Ive since read many the time of legends and heroes series being my preferred ones.

Of all the books Ive enjoyed CL Werner novels the most including thanquol and bone ripper.

Could anybody give me there opinions on these novels and whether there worth a read and if so which ones would you recommend or would i need to read them all. thanks


----------



## khrone forever (Dec 13, 2010)

i loved the gortrex and felix books, i would recomend them all, but read them in order

Khrone


----------



## Logaan (May 10, 2012)

An absolutely awesome series of books, can't recommend them enough.

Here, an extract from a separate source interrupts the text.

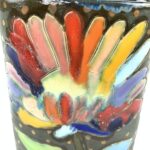 Bemalte kleine Vase mit bunter Blume – Bild 6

But yeah, as advised, try to read them in chronological order.


----------



## gothik (May 29, 2010)

always loved the interaction between Felix and Gotrek lost a lot of my books over the years with moving around and other such unsavoury things, so might have to get them again, this time though i'll get the omnibus's


----------



## Paceyjg (May 12, 2011)

Great books when William King was writing them, then sadly they go down hill. I think Orcslayer was the last one I bothered to read.


----------



## Fire Tempered (Dec 16, 2010)

Interesting reads, especially if you re dwarfs fan, although a bit too formulaic and cliche, they are pretty fun. I 've read up to Beastslayer, couldn't bother to read further, but maybe I will one day. Can't compare them to other WH books, cause I read 40k mostly, but I could compare to Cain novels, though I find Ciaphas novels a bit better.

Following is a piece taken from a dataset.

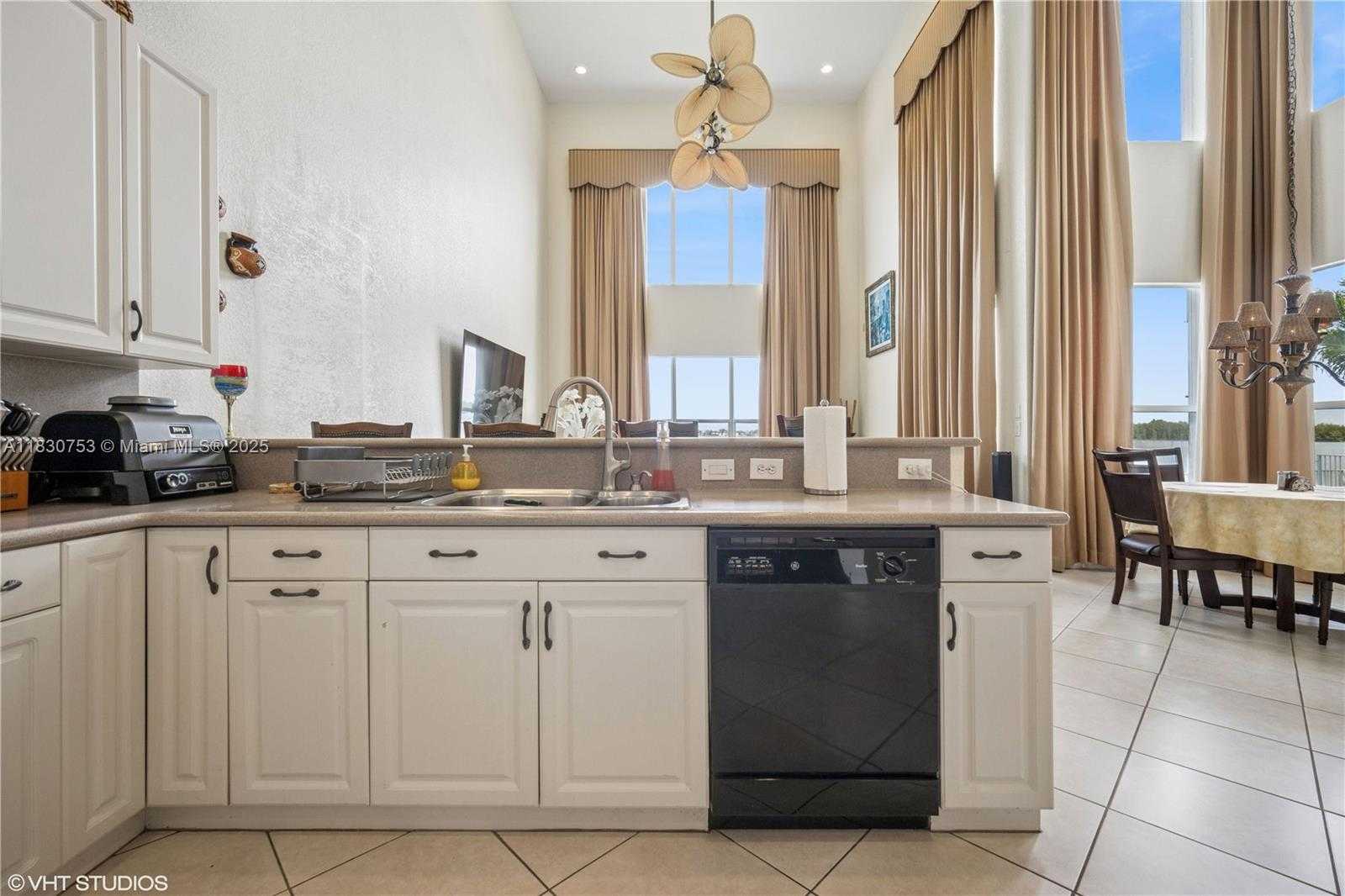 Small Image of 4954 SOUTH WEST 186TH WAY, Miramar Number 8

I liked Daemonslayer the most. Since you love Thanquol, you ll enjoy Skavenslayer for sure, a great read, although it is more a story collection than real novel (first 2 books are written that way). I recommend you to get first 2 omnibuses, cause they are best bang for a buck. I don't think they are currently available though, since they are rereleasing first 3 and new, 4th omnibus, with new covers.


----------



## Lord of the Night (Nov 18, 2009)

Give _Road of Skulls_ a try. It's a standalone G&F novel that requires only the very bare minimum of knowledge on the series. That and it's *BLOODY excellent!*

Edit: In fact my review of it for The Founding Fields was published today. http://thefoundingfields.com/2013/03/gotrek-felix-road-skulls-josh-reynolds-review-lord-night/

Perhaps that will help nudge you towards getting started in G&F. :grin:


LotN


----------



## Ferrous_Ironclaw (Apr 24, 2013)

the gotrek and felix books are fun books to read. i would call them fast paced rather than comical.


----------



## Jacobite (Jan 26, 2007)

I've read the first 3, 4 I think and I really recommend them, the reason I haven't read any more than that isn't because they turned to crap but because I was reading them as they were released and then got side tracked. Give it a go.


----------



## Magpie_Oz (Jan 16, 2012)

Not as engaging as the Ulrika the Vampire series but still a good read IMO


----------